▸ **DATA SEGMENT**
* * * * *

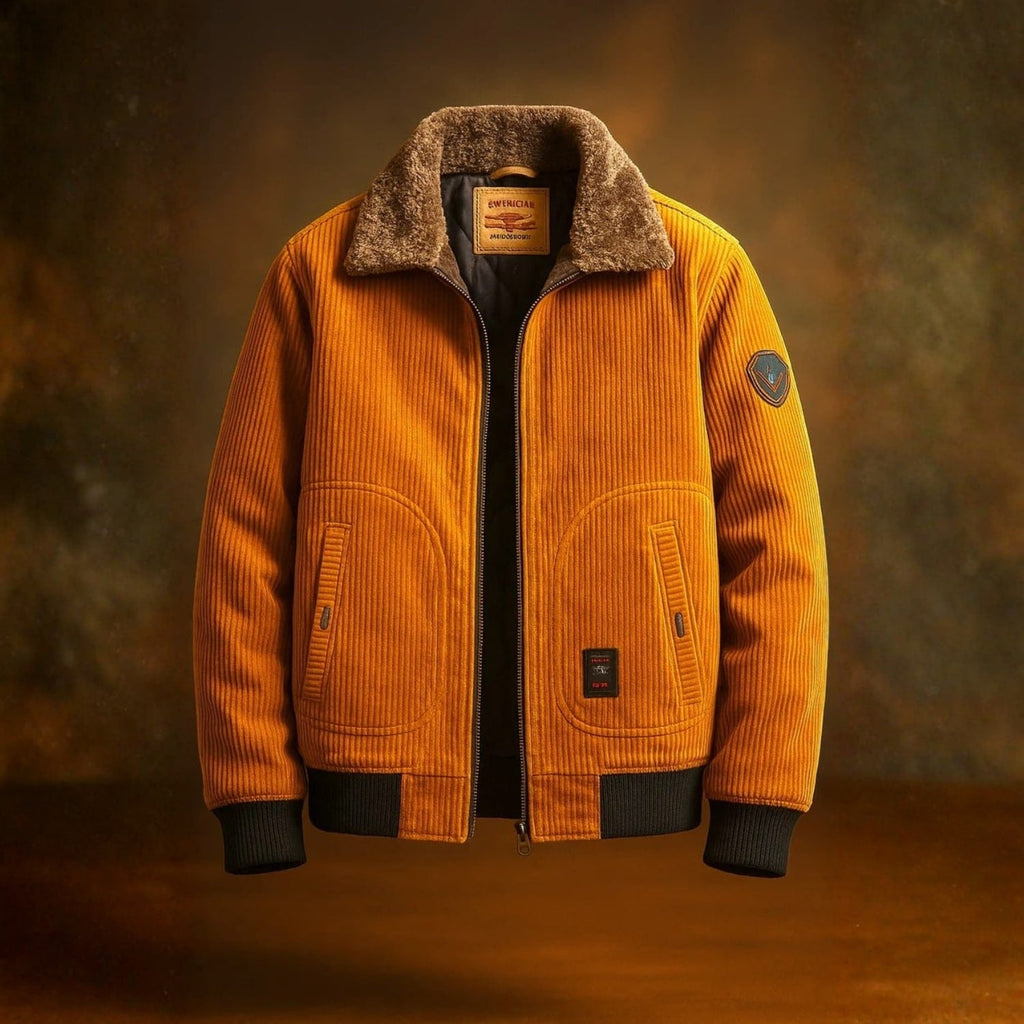Simon Men's Corduroy Jacket – Heavyweight Sherpa-Lined Jacket with Bomber Fit
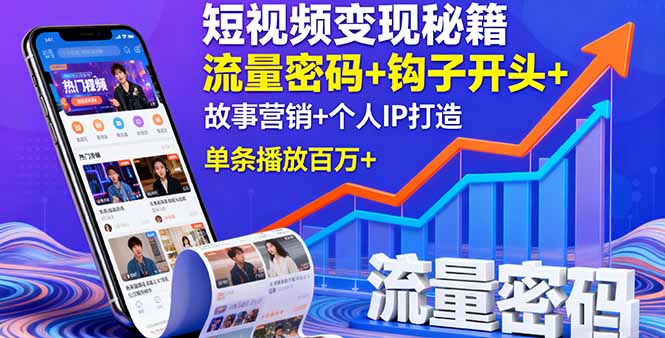 短视频变现秘籍，流量密码+钩子开头+故事营销+个人IP打造，单条播放百万+-59网创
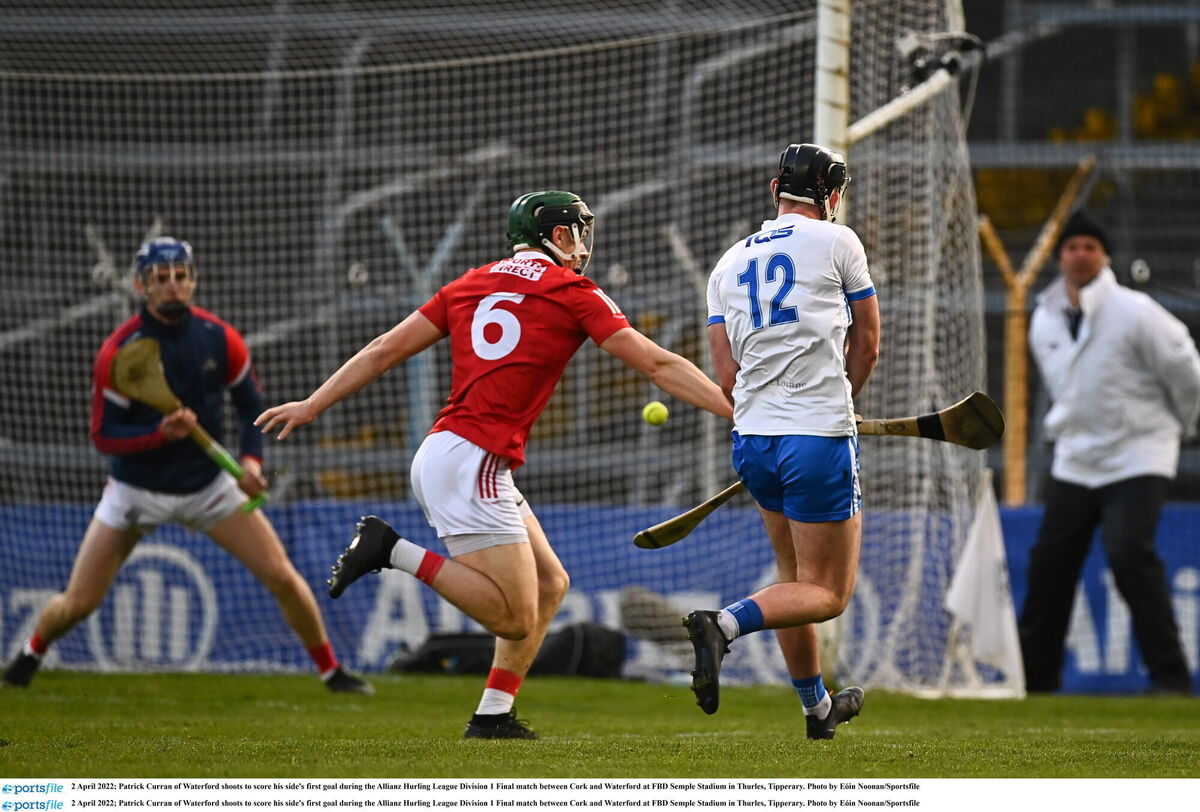 Patrick Curran scores Waterford's first goal in the 2022 Allianz HL Division 1 final against Cork in 2022. Picture: Eóin Noonan/Sportsfile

* * * * *

▸ **PROBLEM TO SOLVE**
Exactly the lines from the one containing "短视频变现秘籍，流量密码+钩" through the end of the data above: repeat those, both ends included, and nothing else. Skip the pictures.

▸ **ANSWER TO THE EXERCISE**
 短视频变现秘籍，流量密码+钩子开头+故事营销+个人IP打造，单条播放百万+-59网创
 Patrick Curran scores Waterford's first goal in the 2022 Allianz HL Division 1 final against Cork in 2022. Picture: Eóin Noonan/Sportsfile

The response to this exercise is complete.